◆ **Problem statement**:
Give back exactly the lines that run from the beginning of the entries to the line containing "Found/Stray Female Dog", both included, and nothing else.

───── Input

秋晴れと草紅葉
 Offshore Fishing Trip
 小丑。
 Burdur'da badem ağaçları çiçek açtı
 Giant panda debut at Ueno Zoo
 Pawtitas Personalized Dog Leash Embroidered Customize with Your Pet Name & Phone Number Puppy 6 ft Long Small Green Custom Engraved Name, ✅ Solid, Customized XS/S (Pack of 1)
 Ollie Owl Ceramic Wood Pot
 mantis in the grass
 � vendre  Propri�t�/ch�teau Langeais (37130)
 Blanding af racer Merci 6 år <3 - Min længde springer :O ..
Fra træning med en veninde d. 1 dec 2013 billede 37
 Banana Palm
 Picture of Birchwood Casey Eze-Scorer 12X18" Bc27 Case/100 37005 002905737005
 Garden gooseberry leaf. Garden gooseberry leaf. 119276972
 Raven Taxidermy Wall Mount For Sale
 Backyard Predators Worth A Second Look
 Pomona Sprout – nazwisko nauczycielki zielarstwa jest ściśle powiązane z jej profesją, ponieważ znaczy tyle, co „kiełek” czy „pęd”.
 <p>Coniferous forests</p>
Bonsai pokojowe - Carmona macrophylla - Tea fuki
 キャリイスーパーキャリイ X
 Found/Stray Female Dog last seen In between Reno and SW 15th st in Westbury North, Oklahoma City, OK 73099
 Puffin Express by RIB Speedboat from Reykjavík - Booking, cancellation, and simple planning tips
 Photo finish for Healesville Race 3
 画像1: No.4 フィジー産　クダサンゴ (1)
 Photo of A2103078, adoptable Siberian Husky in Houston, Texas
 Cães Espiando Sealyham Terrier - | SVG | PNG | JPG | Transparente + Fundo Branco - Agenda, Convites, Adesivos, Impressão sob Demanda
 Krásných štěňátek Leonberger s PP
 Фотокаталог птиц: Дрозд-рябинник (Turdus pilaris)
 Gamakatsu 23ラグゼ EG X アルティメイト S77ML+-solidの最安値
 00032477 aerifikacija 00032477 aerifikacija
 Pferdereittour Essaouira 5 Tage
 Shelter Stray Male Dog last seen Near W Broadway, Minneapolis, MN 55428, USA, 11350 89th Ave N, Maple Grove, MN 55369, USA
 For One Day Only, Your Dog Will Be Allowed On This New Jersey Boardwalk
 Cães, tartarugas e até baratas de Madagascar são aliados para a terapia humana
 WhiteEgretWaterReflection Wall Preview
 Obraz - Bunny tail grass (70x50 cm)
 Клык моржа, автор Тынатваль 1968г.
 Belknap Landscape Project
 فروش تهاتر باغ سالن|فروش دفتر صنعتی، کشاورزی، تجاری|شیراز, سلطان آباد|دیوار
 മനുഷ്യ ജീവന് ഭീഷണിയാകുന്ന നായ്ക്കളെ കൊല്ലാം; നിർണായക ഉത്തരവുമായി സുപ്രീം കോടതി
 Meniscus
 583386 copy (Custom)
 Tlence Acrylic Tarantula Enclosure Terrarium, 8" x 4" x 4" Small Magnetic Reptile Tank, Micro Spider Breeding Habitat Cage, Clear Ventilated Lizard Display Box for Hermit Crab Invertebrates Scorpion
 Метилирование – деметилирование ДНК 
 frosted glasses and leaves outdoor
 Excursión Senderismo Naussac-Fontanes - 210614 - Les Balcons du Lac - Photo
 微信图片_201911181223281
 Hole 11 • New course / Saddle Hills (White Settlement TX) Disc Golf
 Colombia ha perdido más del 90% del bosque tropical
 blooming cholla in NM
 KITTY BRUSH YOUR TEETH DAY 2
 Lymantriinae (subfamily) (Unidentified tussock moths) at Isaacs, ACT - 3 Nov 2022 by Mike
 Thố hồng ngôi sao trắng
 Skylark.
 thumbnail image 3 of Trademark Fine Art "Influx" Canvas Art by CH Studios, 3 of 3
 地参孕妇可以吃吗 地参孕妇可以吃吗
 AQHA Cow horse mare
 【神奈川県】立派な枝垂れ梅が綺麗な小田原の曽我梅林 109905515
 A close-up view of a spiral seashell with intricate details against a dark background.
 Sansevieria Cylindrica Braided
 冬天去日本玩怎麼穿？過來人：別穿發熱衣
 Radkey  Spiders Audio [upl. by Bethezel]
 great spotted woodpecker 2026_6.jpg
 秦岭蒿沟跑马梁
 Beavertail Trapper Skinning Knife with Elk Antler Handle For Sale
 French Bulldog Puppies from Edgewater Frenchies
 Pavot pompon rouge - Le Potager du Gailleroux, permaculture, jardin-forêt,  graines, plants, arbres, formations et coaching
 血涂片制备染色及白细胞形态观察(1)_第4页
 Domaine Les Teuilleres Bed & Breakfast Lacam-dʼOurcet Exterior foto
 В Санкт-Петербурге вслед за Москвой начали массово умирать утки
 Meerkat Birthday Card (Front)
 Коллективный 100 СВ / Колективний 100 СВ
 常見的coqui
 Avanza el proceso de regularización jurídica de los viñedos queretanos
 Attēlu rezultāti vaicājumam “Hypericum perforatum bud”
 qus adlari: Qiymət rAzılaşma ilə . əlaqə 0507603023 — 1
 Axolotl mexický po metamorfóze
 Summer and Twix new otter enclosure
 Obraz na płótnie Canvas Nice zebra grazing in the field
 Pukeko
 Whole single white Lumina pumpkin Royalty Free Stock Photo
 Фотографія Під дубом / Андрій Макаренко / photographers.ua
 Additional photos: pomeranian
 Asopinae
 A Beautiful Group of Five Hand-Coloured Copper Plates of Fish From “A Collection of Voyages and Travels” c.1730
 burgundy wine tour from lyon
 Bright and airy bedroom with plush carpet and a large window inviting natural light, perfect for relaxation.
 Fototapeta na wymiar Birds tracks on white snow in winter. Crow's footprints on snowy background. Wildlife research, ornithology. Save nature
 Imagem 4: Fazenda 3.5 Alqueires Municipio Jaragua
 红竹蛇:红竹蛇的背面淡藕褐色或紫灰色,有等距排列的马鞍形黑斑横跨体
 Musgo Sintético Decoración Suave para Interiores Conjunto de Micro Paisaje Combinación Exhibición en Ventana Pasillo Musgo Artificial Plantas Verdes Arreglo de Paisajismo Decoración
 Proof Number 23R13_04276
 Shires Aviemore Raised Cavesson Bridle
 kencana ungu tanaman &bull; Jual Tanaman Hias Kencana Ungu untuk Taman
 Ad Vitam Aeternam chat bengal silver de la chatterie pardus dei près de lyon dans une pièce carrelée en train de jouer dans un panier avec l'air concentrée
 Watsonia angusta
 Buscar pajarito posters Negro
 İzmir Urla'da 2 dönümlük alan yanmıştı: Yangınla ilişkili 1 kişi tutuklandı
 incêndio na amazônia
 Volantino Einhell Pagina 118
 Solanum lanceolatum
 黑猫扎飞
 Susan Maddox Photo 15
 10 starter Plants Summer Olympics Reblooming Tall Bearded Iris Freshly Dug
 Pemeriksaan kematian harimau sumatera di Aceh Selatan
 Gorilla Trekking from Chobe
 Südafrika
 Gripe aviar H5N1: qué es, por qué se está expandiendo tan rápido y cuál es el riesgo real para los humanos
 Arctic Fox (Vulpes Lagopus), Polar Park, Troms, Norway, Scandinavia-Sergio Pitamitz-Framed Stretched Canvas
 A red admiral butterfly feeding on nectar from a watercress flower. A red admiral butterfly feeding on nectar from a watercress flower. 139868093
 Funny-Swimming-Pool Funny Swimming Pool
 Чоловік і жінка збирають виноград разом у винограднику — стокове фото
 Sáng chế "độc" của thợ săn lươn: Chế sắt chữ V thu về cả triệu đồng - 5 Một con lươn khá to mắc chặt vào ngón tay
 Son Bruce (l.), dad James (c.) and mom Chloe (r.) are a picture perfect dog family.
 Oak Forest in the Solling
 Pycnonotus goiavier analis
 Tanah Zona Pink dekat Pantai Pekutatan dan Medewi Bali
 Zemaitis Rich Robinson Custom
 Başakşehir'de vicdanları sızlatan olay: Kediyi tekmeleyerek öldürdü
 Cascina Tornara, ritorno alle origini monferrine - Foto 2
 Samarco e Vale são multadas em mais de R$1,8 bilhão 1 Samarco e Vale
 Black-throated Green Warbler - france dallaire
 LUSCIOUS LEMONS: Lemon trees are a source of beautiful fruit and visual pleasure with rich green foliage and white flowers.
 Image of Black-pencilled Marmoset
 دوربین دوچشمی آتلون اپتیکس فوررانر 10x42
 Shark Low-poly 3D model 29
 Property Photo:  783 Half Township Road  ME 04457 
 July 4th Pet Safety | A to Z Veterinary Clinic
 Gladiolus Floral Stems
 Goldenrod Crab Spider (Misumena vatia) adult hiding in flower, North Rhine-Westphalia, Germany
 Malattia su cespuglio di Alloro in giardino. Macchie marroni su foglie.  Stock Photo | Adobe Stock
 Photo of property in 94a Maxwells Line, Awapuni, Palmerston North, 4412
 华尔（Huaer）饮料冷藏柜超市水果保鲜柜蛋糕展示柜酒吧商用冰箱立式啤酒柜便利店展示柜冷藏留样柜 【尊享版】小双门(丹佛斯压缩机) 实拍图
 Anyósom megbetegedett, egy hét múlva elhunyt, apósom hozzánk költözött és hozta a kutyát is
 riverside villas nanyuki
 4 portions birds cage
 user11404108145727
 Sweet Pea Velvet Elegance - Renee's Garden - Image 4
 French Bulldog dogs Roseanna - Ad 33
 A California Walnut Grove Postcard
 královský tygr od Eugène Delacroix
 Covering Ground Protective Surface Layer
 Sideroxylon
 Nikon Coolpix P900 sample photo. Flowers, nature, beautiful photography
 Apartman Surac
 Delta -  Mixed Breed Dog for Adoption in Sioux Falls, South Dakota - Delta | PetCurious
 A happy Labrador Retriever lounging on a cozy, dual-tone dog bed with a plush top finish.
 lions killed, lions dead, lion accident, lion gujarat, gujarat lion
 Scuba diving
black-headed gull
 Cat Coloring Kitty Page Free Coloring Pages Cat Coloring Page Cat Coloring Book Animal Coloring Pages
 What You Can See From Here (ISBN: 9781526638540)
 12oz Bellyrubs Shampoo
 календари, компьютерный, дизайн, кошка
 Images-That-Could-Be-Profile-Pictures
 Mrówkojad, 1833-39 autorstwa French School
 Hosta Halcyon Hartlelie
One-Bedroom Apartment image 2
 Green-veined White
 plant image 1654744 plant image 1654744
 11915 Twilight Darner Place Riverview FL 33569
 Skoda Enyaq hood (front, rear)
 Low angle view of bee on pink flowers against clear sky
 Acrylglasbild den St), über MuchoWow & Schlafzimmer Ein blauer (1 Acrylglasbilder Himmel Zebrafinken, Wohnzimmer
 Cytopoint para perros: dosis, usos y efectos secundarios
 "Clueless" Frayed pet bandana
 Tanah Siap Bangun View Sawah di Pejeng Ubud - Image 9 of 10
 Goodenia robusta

──────────

◆ **Solution to the exercise**:
秋晴れと草紅葉
 Offshore Fishing Trip
 小丑。
 Burdur'da badem ağaçları çiçek açtı
 Giant panda debut at Ueno Zoo
 Pawtitas Personalized Dog Leash Embroidered Customize with Your Pet Name & Phone Number Puppy 6 ft Long Small Green Custom Engraved Name, ✅ Solid, Customized XS/S (Pack of 1)
 Ollie Owl Ceramic Wood Pot
 mantis in the grass
 � vendre  Propri�t�/ch�teau Langeais (37130)
 Blanding af racer Merci 6 år <3 - Min længde springer :O ..
Fra træning med en veninde d. 1 dec 2013 billede 37
 Banana Palm
 Picture of Birchwood Casey Eze-Scorer 12X18" Bc27 Case/100 37005 002905737005
 Garden gooseberry leaf. Garden gooseberry leaf. 119276972
 Raven Taxidermy Wall Mount For Sale
 Backyard Predators Worth A Second Look
 Pomona Sprout – nazwisko nauczycielki zielarstwa jest ściśle powiązane z jej profesją, ponieważ znaczy tyle, co „kiełek” czy „pęd”.
 <p>Coniferous forests</p>
Bonsai pokojowe - Carmona macrophylla - Tea fuki
 キャリイスーパーキャリイ X
 Found/Stray Female Dog last seen In between Reno and SW 15th st in Westbury North, Oklahoma City, OK 73099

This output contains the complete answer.